» MATERIAL FOR THE TASK
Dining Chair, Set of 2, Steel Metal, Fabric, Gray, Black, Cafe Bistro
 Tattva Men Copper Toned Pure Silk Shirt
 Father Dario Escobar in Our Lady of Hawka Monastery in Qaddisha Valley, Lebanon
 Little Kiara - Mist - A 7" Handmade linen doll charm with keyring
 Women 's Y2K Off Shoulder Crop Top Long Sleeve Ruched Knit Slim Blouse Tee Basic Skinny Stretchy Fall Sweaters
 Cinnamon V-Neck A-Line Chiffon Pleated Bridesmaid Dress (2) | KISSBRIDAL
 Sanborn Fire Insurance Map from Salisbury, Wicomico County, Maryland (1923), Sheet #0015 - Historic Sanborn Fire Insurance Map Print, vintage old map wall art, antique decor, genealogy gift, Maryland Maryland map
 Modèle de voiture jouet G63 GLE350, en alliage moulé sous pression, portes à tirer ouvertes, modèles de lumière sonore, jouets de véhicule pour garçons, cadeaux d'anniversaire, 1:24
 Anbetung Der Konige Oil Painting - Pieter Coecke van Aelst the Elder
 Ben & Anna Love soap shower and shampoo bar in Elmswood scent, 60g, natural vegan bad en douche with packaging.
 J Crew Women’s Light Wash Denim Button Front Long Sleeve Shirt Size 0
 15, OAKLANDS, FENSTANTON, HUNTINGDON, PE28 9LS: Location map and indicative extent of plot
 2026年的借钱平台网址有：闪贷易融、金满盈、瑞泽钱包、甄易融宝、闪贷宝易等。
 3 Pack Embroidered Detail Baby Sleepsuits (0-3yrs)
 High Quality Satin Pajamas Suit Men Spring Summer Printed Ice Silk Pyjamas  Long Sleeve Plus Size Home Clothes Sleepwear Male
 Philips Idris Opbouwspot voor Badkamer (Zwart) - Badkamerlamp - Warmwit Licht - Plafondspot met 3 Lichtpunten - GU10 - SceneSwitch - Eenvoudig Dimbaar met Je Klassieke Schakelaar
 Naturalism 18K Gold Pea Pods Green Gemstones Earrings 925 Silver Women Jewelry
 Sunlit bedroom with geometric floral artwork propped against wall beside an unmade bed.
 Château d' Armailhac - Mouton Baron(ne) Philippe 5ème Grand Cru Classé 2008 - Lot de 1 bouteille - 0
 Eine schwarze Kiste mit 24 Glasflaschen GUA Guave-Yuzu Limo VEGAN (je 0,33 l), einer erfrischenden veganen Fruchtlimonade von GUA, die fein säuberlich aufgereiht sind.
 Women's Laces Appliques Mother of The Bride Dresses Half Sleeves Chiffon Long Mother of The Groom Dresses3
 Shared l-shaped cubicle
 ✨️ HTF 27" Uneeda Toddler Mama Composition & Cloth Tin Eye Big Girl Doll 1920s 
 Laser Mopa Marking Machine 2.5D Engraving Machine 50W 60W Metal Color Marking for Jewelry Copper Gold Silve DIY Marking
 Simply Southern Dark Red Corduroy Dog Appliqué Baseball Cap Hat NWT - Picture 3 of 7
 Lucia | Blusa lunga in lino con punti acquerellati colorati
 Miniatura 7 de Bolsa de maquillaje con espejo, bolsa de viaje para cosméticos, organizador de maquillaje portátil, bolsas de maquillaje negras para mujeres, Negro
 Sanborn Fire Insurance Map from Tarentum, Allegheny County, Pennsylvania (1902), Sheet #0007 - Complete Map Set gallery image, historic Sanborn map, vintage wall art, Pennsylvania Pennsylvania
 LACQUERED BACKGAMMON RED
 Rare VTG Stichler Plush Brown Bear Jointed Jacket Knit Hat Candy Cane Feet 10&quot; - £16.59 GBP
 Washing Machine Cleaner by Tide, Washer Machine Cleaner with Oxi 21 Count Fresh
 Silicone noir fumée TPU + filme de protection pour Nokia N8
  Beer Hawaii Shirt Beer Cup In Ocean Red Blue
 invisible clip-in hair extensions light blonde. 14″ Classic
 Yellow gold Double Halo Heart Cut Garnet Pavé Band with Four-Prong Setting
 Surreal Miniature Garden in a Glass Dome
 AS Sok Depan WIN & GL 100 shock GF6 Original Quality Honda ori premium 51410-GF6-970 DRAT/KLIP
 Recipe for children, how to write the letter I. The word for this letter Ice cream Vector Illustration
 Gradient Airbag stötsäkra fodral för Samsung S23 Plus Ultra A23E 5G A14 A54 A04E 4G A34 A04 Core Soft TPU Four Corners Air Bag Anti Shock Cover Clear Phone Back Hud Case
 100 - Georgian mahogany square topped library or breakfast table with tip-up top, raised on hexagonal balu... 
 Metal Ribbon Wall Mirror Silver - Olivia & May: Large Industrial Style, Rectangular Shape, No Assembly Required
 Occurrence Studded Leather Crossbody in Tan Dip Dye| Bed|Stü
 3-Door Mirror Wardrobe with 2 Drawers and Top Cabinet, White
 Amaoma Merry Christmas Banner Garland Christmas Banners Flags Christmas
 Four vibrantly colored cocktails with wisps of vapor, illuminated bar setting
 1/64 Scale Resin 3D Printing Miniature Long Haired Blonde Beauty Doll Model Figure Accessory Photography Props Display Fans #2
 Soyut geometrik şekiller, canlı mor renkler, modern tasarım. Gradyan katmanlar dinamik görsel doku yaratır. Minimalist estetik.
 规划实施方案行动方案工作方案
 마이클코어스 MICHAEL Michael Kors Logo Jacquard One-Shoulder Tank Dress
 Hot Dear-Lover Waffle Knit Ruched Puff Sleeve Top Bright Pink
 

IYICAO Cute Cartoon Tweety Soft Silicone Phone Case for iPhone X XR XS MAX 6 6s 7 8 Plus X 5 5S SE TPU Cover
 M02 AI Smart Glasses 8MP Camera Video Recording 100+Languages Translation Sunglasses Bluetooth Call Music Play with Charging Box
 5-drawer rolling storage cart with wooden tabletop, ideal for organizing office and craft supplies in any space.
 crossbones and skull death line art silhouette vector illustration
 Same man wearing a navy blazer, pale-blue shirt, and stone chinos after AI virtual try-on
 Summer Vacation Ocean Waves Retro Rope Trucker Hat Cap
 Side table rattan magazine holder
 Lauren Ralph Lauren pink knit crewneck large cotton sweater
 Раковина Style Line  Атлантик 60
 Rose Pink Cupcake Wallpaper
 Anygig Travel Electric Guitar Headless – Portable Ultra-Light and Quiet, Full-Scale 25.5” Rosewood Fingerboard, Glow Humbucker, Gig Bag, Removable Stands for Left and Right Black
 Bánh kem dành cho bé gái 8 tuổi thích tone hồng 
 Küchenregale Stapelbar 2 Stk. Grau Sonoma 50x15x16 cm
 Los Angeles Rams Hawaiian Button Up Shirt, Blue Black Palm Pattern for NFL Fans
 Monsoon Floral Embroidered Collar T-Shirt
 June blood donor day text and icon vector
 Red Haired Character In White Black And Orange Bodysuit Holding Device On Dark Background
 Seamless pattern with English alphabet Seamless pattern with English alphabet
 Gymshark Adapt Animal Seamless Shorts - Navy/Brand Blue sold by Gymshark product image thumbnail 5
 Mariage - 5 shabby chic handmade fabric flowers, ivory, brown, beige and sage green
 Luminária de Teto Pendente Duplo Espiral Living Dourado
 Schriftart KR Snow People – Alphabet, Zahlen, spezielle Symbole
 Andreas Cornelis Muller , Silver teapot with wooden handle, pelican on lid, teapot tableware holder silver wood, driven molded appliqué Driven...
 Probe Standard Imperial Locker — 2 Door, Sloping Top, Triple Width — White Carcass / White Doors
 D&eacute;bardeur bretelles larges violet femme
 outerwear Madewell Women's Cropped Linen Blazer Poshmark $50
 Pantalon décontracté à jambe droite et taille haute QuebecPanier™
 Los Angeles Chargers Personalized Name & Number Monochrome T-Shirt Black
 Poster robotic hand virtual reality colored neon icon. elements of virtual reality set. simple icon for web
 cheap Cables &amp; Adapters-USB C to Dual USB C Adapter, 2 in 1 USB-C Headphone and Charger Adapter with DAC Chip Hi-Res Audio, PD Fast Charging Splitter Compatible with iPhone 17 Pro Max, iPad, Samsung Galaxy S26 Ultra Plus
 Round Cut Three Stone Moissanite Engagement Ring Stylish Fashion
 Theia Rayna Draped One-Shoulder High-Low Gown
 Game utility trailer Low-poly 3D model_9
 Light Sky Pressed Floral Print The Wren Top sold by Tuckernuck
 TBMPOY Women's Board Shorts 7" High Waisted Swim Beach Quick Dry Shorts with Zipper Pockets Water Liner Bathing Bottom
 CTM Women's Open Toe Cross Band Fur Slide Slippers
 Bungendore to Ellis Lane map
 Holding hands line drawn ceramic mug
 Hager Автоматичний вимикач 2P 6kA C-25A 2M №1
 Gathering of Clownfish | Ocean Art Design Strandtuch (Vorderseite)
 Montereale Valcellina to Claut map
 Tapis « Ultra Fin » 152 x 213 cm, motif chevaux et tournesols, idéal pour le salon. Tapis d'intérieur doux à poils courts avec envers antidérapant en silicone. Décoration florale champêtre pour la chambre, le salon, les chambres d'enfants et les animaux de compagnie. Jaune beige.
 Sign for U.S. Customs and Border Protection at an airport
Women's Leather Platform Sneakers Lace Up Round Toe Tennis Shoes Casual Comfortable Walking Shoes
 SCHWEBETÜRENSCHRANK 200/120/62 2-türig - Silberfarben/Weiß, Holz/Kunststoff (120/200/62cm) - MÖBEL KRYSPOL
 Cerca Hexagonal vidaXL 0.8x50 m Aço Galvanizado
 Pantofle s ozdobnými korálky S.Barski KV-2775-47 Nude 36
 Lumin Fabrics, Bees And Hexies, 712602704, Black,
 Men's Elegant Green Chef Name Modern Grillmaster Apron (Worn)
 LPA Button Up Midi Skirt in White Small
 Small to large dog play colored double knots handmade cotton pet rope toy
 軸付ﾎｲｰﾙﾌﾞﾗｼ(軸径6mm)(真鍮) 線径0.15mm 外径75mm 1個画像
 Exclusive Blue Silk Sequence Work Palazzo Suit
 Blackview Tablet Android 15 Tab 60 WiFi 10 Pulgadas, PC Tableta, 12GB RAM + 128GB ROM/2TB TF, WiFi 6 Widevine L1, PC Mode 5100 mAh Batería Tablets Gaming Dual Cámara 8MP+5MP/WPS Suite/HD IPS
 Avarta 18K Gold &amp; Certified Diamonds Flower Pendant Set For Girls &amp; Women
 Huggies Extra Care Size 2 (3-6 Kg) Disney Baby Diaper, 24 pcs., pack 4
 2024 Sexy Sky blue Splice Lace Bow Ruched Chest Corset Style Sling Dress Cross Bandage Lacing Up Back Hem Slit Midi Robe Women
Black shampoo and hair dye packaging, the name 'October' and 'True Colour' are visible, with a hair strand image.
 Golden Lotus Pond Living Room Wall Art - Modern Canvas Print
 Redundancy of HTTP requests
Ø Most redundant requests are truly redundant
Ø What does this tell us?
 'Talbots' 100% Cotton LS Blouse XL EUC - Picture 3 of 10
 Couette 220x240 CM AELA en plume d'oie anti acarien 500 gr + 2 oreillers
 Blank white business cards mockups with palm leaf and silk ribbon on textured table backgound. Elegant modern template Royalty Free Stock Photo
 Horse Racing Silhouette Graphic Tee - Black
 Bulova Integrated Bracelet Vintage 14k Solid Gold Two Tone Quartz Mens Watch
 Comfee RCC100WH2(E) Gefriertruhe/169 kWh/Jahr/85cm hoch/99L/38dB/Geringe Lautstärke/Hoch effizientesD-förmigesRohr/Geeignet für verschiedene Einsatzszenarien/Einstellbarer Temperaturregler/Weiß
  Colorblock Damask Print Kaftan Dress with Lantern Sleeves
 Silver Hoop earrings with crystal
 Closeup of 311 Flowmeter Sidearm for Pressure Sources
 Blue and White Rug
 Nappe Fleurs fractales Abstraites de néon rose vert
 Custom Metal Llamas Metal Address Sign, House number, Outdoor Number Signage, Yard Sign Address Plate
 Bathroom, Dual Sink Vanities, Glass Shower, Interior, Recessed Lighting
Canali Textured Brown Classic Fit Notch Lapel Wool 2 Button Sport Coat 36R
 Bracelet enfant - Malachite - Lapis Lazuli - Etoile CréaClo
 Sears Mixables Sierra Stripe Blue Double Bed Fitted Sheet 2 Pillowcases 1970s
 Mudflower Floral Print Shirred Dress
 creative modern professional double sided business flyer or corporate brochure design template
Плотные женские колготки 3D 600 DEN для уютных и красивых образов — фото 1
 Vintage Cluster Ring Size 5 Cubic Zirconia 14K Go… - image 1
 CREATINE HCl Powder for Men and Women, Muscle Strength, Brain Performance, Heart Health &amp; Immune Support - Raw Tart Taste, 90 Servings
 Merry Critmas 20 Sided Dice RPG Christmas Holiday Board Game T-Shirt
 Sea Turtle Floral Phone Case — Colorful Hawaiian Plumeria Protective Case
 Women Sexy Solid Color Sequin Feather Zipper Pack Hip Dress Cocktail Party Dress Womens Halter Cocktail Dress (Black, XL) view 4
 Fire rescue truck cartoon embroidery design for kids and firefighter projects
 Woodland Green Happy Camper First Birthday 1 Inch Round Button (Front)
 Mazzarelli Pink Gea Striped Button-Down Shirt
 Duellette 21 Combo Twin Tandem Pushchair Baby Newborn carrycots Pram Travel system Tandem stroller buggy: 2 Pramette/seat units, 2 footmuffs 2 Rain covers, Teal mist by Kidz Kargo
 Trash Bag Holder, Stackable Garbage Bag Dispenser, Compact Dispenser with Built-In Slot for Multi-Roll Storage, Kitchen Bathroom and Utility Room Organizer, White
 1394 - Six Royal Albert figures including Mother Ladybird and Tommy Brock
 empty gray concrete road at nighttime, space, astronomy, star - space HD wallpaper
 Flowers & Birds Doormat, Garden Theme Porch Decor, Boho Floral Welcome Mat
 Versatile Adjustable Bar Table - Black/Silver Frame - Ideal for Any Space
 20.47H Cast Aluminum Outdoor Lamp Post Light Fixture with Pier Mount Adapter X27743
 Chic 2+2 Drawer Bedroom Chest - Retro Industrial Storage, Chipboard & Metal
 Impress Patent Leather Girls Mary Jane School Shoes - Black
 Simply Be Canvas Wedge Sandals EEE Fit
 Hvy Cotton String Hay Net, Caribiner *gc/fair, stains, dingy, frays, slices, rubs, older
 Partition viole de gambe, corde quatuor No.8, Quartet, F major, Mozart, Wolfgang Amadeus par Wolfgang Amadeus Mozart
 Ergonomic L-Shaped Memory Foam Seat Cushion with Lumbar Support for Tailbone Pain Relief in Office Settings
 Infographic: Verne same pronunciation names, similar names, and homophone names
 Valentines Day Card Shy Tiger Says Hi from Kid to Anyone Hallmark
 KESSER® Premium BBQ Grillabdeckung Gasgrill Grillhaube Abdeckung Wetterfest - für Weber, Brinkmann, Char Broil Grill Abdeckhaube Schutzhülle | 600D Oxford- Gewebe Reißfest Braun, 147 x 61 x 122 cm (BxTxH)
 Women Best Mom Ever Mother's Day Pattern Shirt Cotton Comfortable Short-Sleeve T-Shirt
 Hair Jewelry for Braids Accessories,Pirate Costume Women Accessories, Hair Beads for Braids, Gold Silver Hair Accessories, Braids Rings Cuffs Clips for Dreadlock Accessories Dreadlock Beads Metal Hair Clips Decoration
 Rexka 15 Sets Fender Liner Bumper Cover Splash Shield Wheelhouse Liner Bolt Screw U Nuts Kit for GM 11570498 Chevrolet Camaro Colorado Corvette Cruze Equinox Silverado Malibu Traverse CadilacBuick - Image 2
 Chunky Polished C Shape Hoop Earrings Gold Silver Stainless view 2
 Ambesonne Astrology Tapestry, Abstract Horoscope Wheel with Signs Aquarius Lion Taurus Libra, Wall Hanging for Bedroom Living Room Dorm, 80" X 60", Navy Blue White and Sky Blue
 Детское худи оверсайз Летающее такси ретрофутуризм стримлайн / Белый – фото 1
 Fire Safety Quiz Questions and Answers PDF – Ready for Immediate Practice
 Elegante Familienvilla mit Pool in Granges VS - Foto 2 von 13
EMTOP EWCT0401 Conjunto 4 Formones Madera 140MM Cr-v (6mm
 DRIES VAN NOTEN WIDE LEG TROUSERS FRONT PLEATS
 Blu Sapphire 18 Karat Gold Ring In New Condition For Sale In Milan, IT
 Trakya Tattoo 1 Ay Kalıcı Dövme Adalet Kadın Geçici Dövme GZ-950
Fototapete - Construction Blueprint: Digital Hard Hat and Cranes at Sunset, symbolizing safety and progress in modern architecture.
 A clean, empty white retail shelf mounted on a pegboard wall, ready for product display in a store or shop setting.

» TASK TO CARRY OUT
Copy word for word the stretch of entries above from the line that has "Women's Leather Platform" through the line that has "Exclusive Blue Silk", both ends included, and nothing outside it.

» RESULT OF THE EXERCISE
Women's Leather Platform Sneakers Lace Up Round Toe Tennis Shoes Casual Comfortable Walking Shoes
 SCHWEBETÜRENSCHRANK 200/120/62 2-türig - Silberfarben/Weiß, Holz/Kunststoff (120/200/62cm) - MÖBEL KRYSPOL
 Cerca Hexagonal vidaXL 0.8x50 m Aço Galvanizado
 Pantofle s ozdobnými korálky S.Barski KV-2775-47 Nude 36
 Lumin Fabrics, Bees And Hexies, 712602704, Black,
 Men's Elegant Green Chef Name Modern Grillmaster Apron (Worn)
 LPA Button Up Midi Skirt in White Small
 Small to large dog play colored double knots handmade cotton pet rope toy
 軸付ﾎｲｰﾙﾌﾞﾗｼ(軸径6mm)(真鍮) 線径0.15mm 外径75mm 1個画像
 Exclusive Blue Silk Sequence Work Palazzo Suit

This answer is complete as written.